- **Working data**:

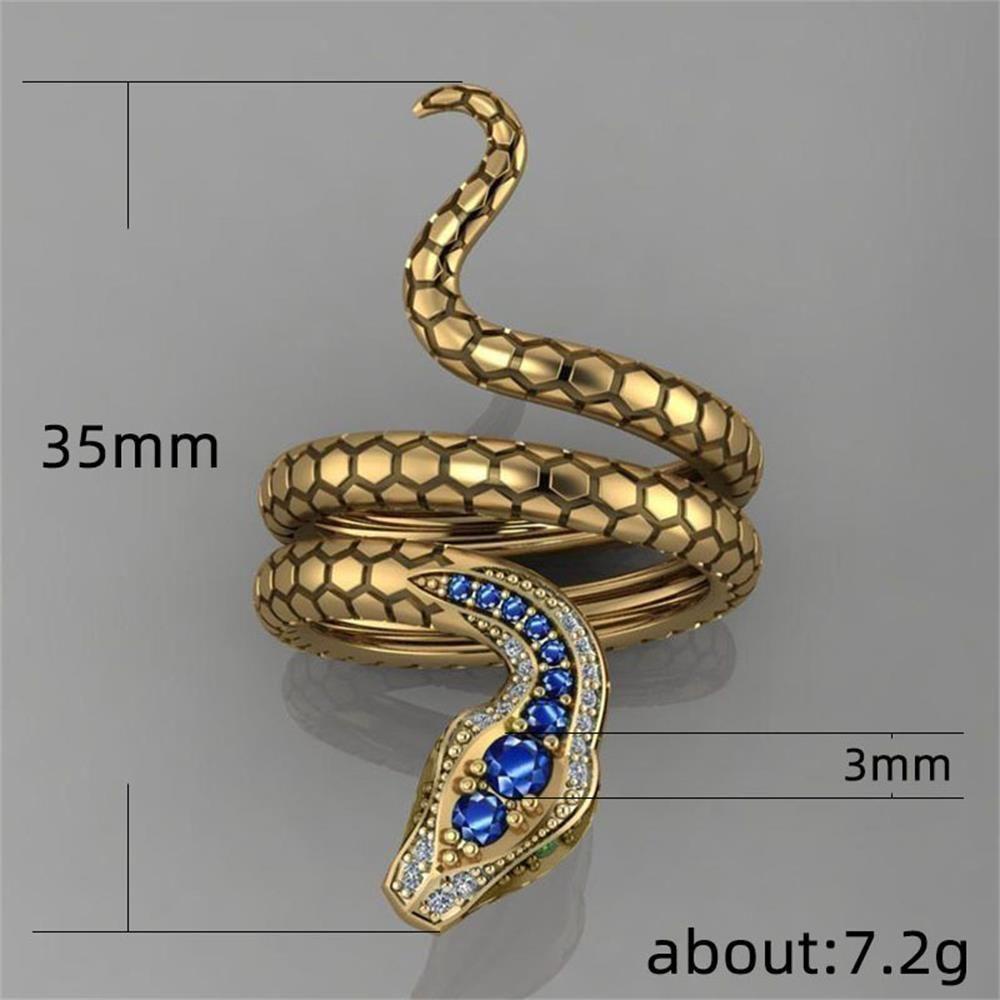 Suyo Cincin Ular Jari Cincin Kuningan Hip Hop Perhiasan Mendominasi Cincin Vintage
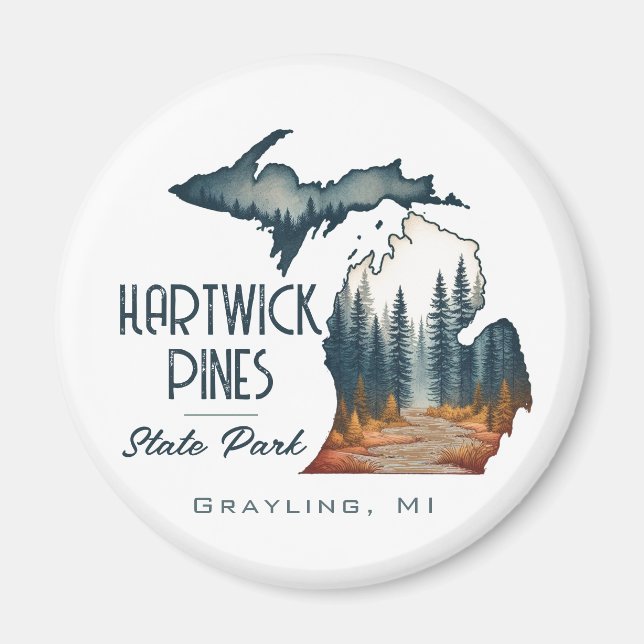 Hartwick Pines State Park Souvenir Gift Magnet (Front)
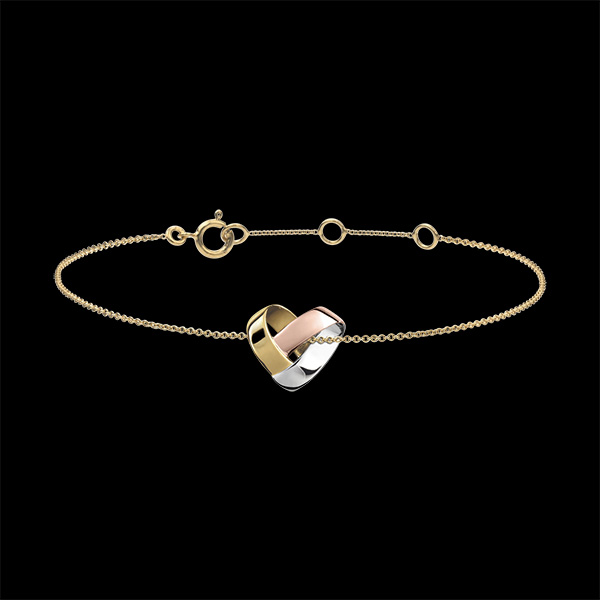 Bracelet Coeur Pliage 3 ors 18 carats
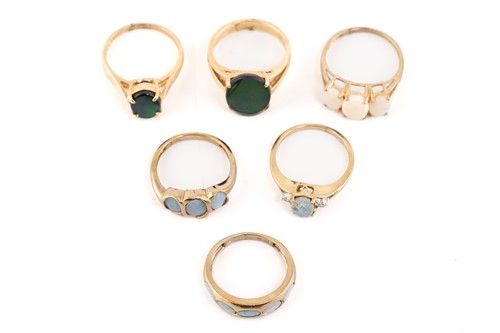 Lot 164 - Two ammolite triplet rings in 14ct gold and...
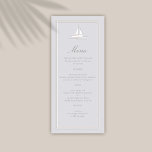 Coastal Boat Nautical Faux Embossed Formal Wedding Menu<br><div class="desc">Introduce your special day with this Faux Embossed Frame Boat Coastal Formal Wedding menu, a design that perfectly balances modern elegance with timeless charm. Featuring classic calligraphy for your names and elegant wedding typography, it offers a refined yet inviting look. A faux-embossed sailboat crest adds a subtle coastal touch, while...</div>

- **What to produce**: Starting at the line that contains "Bracelet Coeur Pliage 3 ors 18 carats" and ending at the line that contains "Lot 164 - Two", transcribe the material above exactly, excluding pictures.

- **Solution to this task**:
 Bracelet Coeur Pliage 3 ors 18 carats
 Lot 164 - Two ammolite triplet rings in 14ct gold and...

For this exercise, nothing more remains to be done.